Available data START
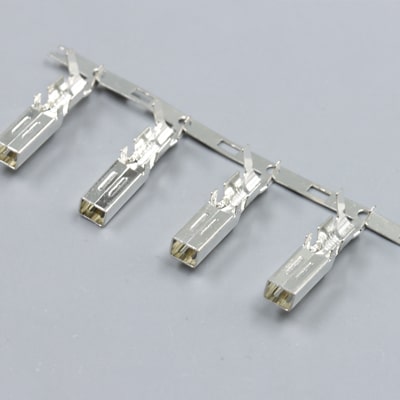 JST-VL-Crimp-Terminal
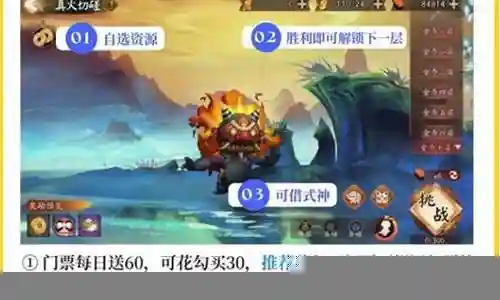 大家好，今天我来和大家聊一聊关于拳脚切磋阵容搭配什么的问题。在接下来的内容中，我会将我所了解的信息进行归纳整理，并与大家分享，让我们一起来看看吧。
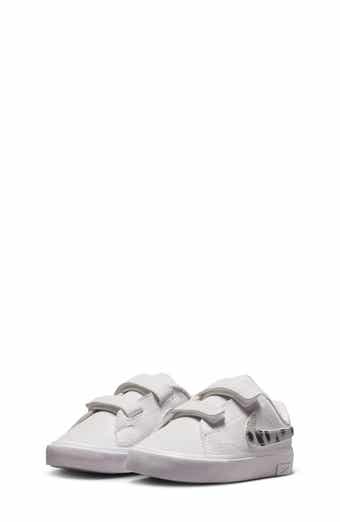 Kids' Tennis Essential Sneaker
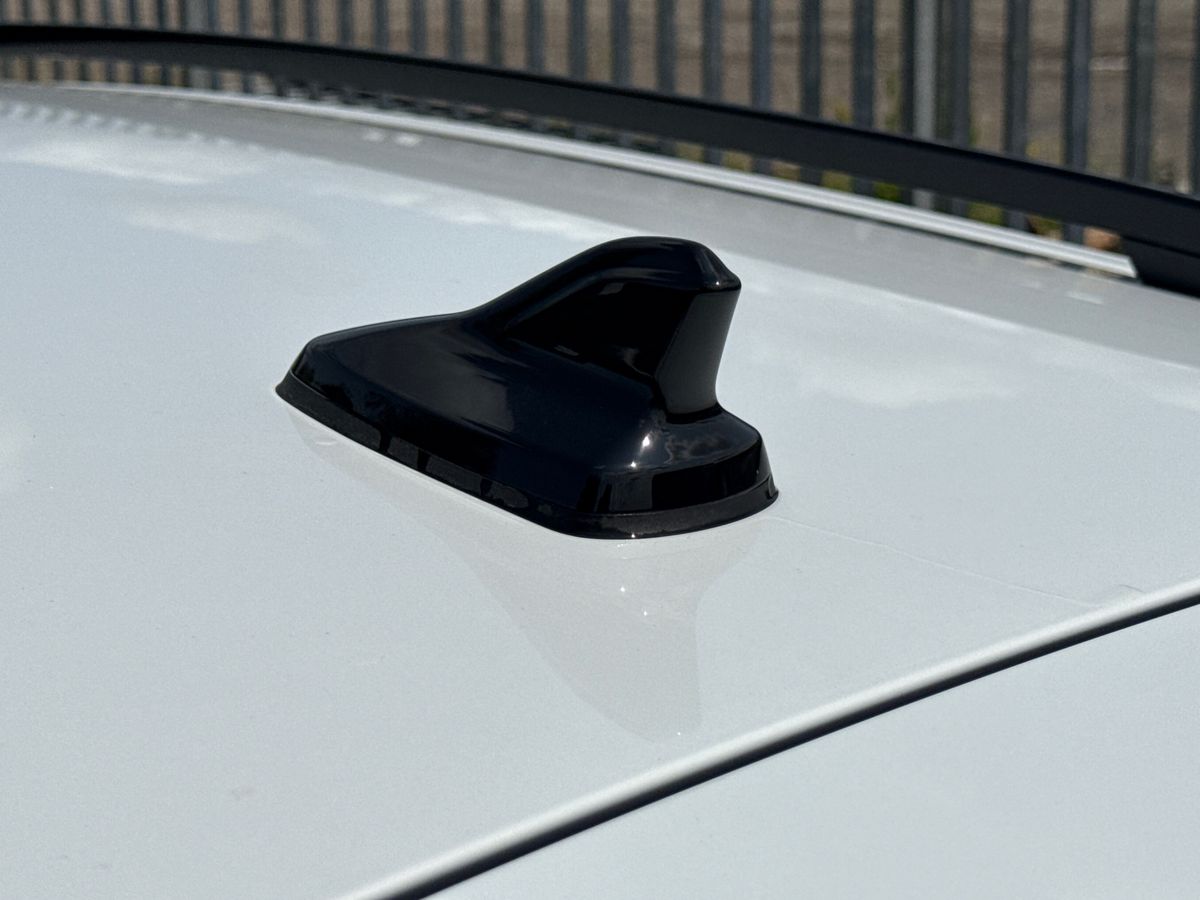 Used Cupra Formentor 2025 for sale - 76750820: Photo 25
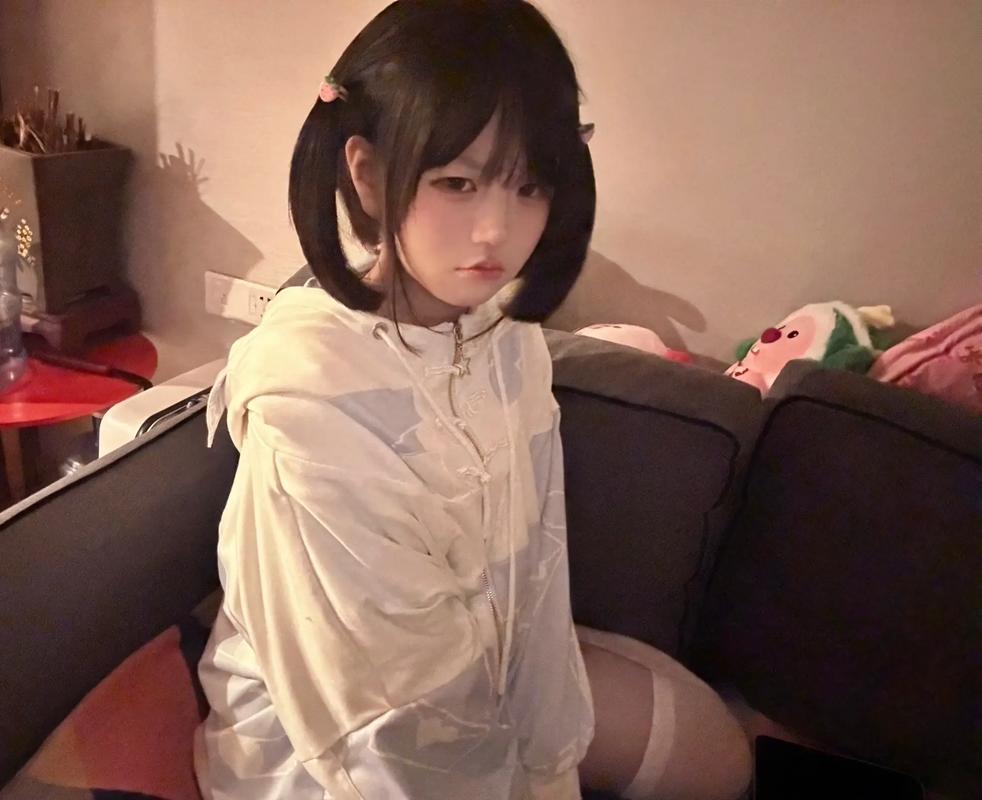 如何快速下载SOA雌小鬼?多个下载渠道推荐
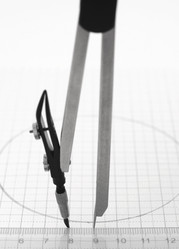 Similar image 843247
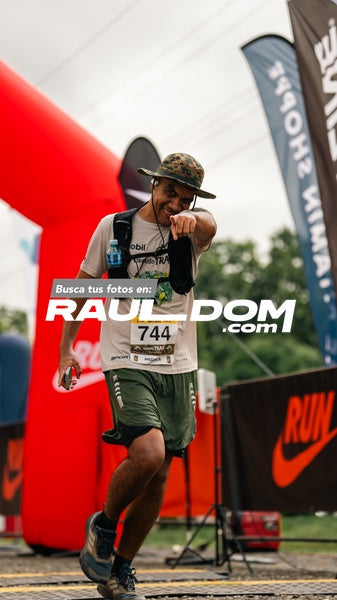 CircuitoTrail21k-morninsito-0028.jpg
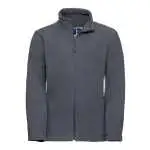 convoy grey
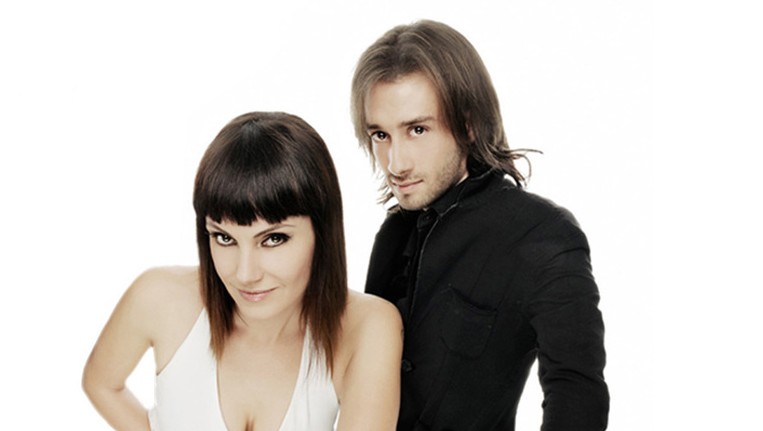 Sonik_e_Neja_foto_ufficiale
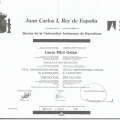 Acercar imagen: certificate 1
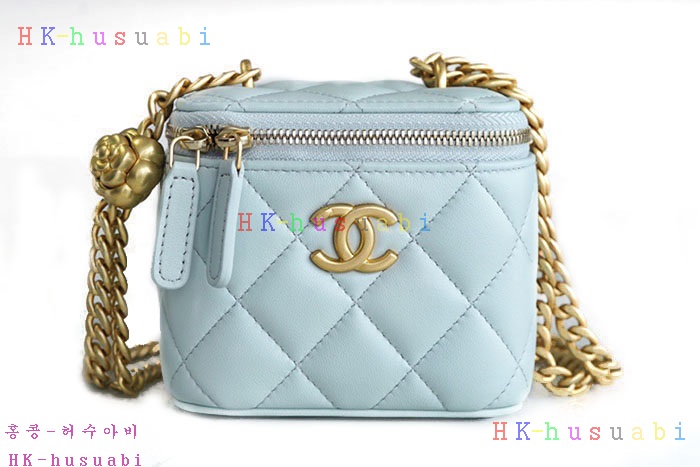 �ڹ̷��ޡڻ��� ��Ḯ�� ����Ƽ �ڽ���ƽ ũ�ν��� AP3203-2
Available data END
A verbatim copy of the data, pictures removed, is the expected result.

 JST-VL-Crimp-Terminal
 大家好，今天我来和大家聊一聊关于拳脚切磋阵容搭配什么的问题。在接下来的内容中，我会将我所了解的信息进行归纳整理，并与大家分享，让我们一起来看看吧。
 Kids' Tennis Essential Sneaker
 Used Cupra Formentor 2025 for sale - 76750820: Photo 25
 如何快速下载SOA雌小鬼?多个下载渠道推荐
 Similar image 843247
 CircuitoTrail21k-morninsito-0028.jpg
 convoy grey
 Sonik_e_Neja_foto_ufficiale
 Acercar imagen: certificate 1
 �ڹ̷��ޡڻ��� ��Ḯ�� ����Ƽ �ڽ���ƽ ũ�ν��� AP3203-2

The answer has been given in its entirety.